Many of you who commented or shared that amazing post from When At Home, all admittedly shared that you’re afraid of the judgement from other moms, even moms who were old friends from high school that you knew for years before entering into this sisterhood. I went through this, and sometimes, I am still there. I never prepped and pureed either of my babies’ food as infants, didn’t watch the appropriate timeline for when to give them juice, and up until recently, I still gave my kid sugary juice pouches on the regular, with a side of over processed cheese strings and a sack of gummy snacks. AND IT’S OKAY. Like I said, some parents are stronger in other avenues and there were times that I just needed a quick break and didn’t have time in between meltdowns to whip up a batch of perfectly healthy, oven baked cheese chips from non-dairy, vegetarian, organic cheese slices from the over-priced section of the refrigerator aisle.
We really need to stick together, support each other, and stop competing over mom cliques, birthday parties, and who makes the best homemade salsa. I mean really, my husband thinks my salsa is pretty damn good and that’s truly enough for me. And honestly, I don’t “over-the-top” decorate for my kids’ birthday parties to compete with you, I do it because it’s my strong suite and it’s simple: I JUST LOVE DOING IT.
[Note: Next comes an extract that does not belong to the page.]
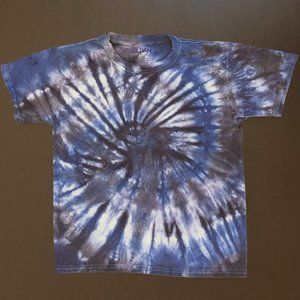 Custom Blue Black Gray Tie Dye T-Shirt Youth Small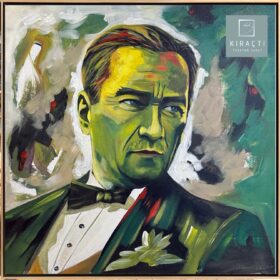 Modern sanat tarzında, yeşil ve sarı tonların ağırlıkta olduğu, smokinli Mustafa Kemal Atatürk portresi yağlı boya tablo.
I want to be friends with everyone, not just through the easy times that your child sits wonderfully behaved like the Queen of England in a pottery shop, not for status of the collection of mom friends I can gain, and not to ever make you all feel like I will exclude you from things that are important for our children to grow and have fun or even, just a time for us to take a breather all together in one place while our children destroy my home. You are all invited, always. My door is always open and I promise to never judge you or tear you down. I’m here to rise you up and hold your kid’s hand while you walk a few steps back after they’ve just bruised and battered you for not giving them a sip of that three day old juice under your seat that they miraculously saw with their laser vision from ten steps back. I can see when you need a break, I can see when you’re hurting and regretting every second of meeting us out for a public play date. I’ve been there, I’ve had those days, and YOU’RE NOT ALONE. I didn’t schedule that play date thinking it would be flawless, I knew going into it that we may need to swap mommy roles for a few minutes, take a break for a snack or use the potty, and maybe even leave early. DO NOT add me to your long list of stress during that moment because I’m FINE with your child screaming, sharing our snacks, and even giving a helping set of hands to tackle getting from one spot to the next. All I ask is that you promise to do the same for me and our fellow moms while your out and about having a good day. We’re all in this sisterhood together, and we may not all always be that great in the friendship department but, I can say, the more we all work together to build the bond and settle that judgement, the better we will all be.
Join me in taking a stand against the awkward looks between checkout aisles, debating whether or not to give a fellow mommy your number for a play date. Take a stand against limiting your circle and joining your friends as one unit with new friends and old. Take a stand against judgement and the debate on when to lend a hand, just to lean over and pick up that darn pacifier and wipe it yourself for a mommy juggling her diaper bag and baby in her overfull, always tired, aching arms.
Let’s raise these kids together and help a momma out. It’s so much easier with six hands than two. It takes a village.